» Data for the task
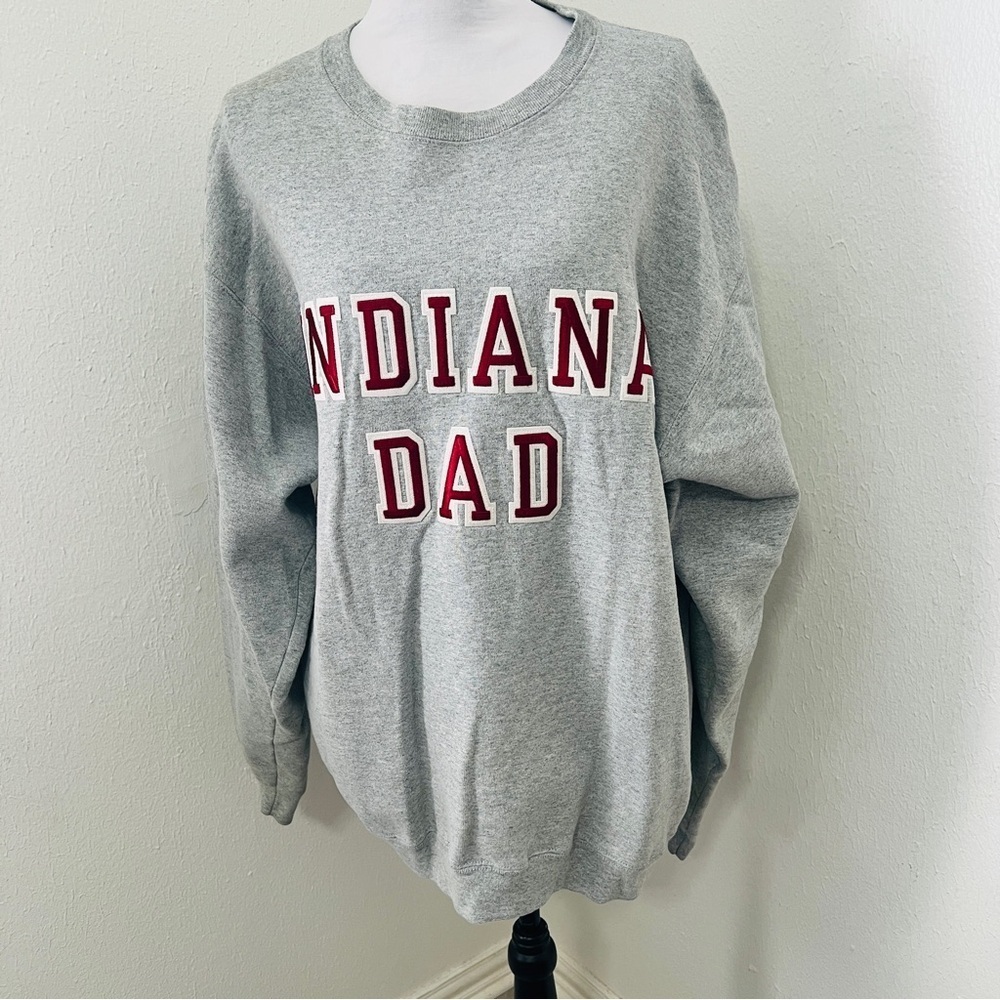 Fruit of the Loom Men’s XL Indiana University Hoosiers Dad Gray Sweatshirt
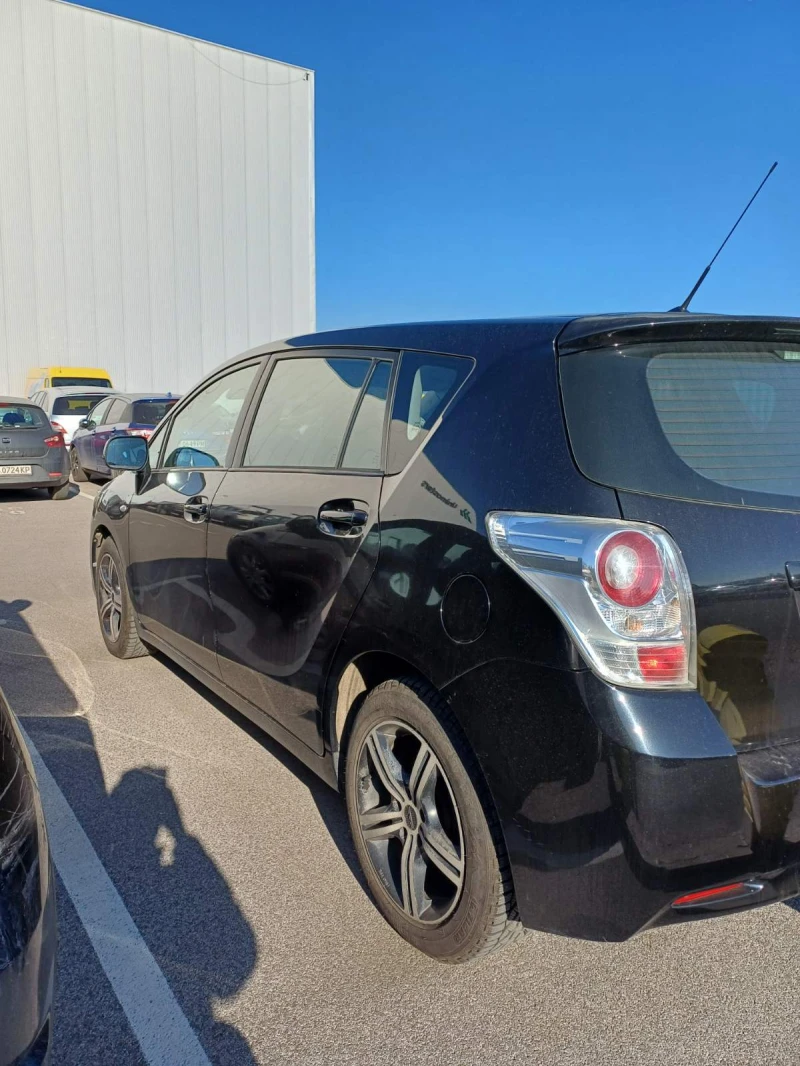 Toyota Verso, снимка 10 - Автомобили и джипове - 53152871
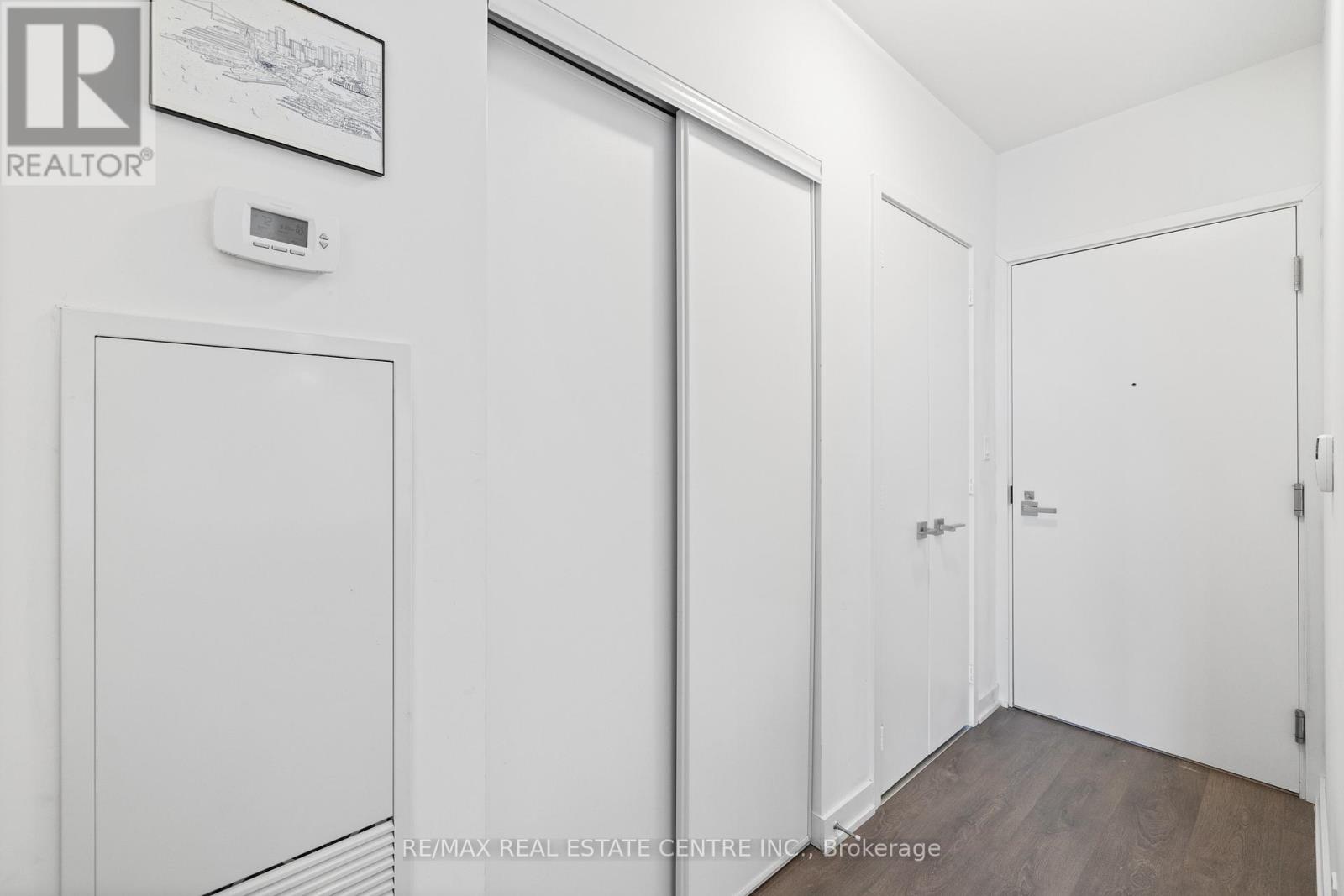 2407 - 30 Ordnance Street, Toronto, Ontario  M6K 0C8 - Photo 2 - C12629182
==
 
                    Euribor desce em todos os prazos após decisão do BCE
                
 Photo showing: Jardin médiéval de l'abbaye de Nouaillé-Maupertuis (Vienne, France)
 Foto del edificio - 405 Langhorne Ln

» What to do
Return, word for word, the lines of the data above from the line with "Photo showing: Jardin" through the line with "Foto del edificio - 405 Langhorne Ln", inclusive.

» Solution
 Photo showing: Jardin médiéval de l'abbaye de Nouaillé-Maupertuis (Vienne, France)
 Foto del edificio - 405 Langhorne Ln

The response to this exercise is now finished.